- [RAW DATA]
═══
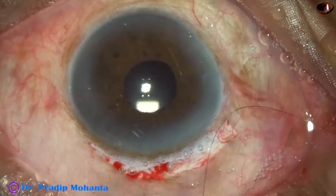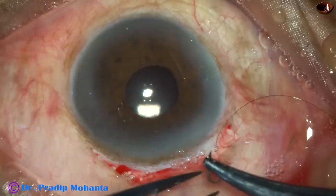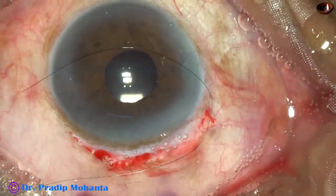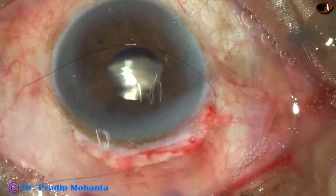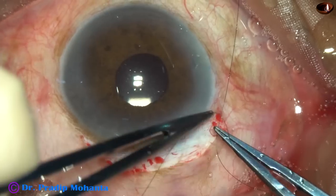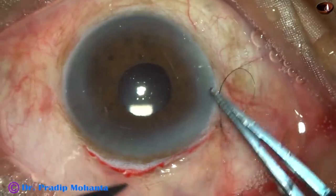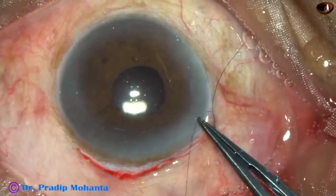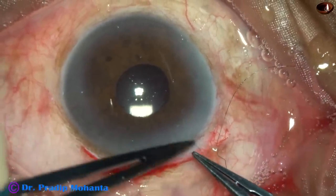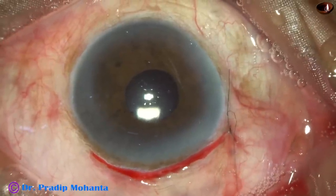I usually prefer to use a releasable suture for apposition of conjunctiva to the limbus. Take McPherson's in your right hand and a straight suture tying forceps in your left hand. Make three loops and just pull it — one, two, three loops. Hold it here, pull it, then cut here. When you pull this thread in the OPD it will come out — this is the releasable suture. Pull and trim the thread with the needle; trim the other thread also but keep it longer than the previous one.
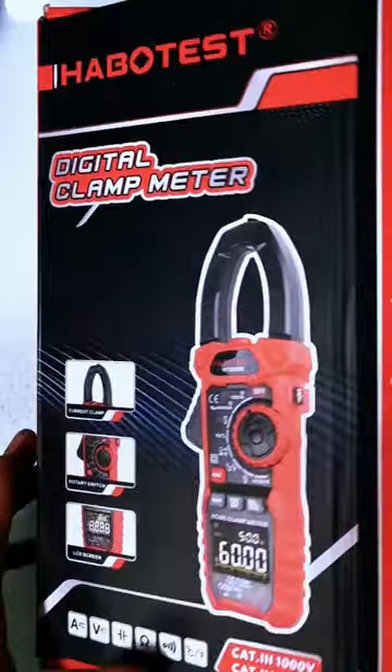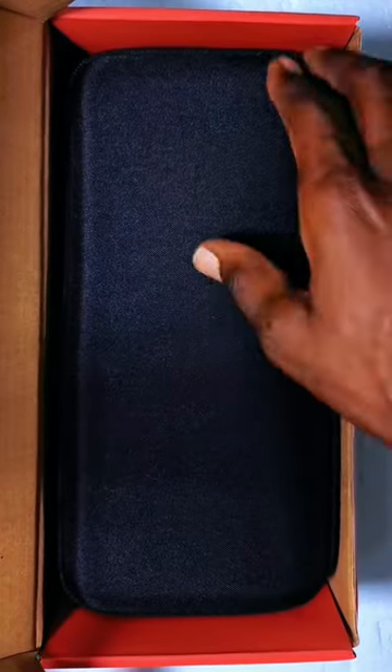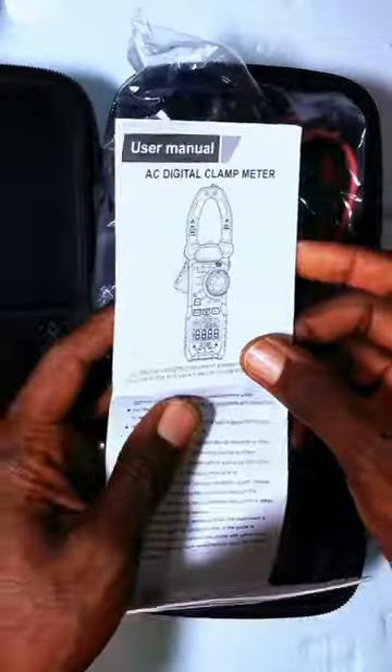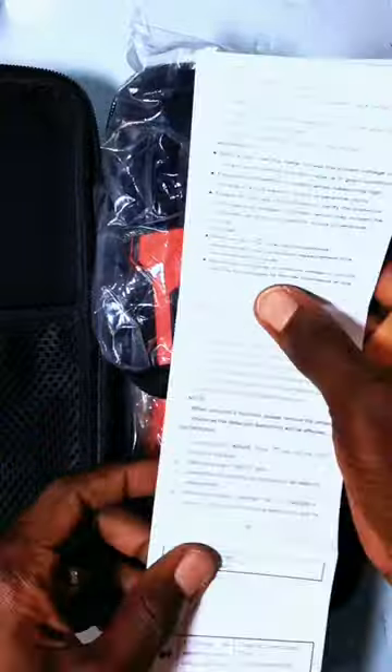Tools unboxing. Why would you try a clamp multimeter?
═══
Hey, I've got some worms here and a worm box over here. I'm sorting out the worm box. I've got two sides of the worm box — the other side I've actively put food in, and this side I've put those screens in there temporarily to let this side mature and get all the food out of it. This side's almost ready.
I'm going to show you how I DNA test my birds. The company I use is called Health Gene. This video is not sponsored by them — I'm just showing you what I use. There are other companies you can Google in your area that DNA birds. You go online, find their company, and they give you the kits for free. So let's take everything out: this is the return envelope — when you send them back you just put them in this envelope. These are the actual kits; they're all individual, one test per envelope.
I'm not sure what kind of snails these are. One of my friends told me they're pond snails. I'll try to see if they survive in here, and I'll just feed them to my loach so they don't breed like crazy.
═══
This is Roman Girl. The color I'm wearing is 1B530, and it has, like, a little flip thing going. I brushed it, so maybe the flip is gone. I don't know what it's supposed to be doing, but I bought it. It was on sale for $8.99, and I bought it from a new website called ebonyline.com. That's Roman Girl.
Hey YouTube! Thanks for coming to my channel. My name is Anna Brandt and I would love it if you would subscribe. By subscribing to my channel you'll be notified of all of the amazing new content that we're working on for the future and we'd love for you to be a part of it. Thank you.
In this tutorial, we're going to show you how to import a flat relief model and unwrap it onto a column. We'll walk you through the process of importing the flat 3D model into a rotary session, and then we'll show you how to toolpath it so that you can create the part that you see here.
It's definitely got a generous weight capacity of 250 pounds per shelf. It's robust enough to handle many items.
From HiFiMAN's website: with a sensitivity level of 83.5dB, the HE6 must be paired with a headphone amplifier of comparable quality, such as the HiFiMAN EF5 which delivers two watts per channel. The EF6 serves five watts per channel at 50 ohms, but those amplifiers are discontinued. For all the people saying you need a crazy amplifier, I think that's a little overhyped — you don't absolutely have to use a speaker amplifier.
═══
- [WHAT TO WORK ON]
In the listing above, find the line with "I usually prefer" and the line with "Tools unboxing. Why". Output both, plus every line between them, and no pictures.

- [TASK OUTPUT]
I usually prefer to use a releasable suture for apposition of conjunctiva to the limbus. Take McPherson's in your right hand and a straight suture tying forceps in your left hand. Make three loops and just pull it — one, two, three loops. Hold it here, pull it, then cut here. When you pull this thread in the OPD it will come out — this is the releasable suture. Pull and trim the thread with the needle; trim the other thread also but keep it longer than the previous one.
Tools unboxing. Why would you try a clamp multimeter?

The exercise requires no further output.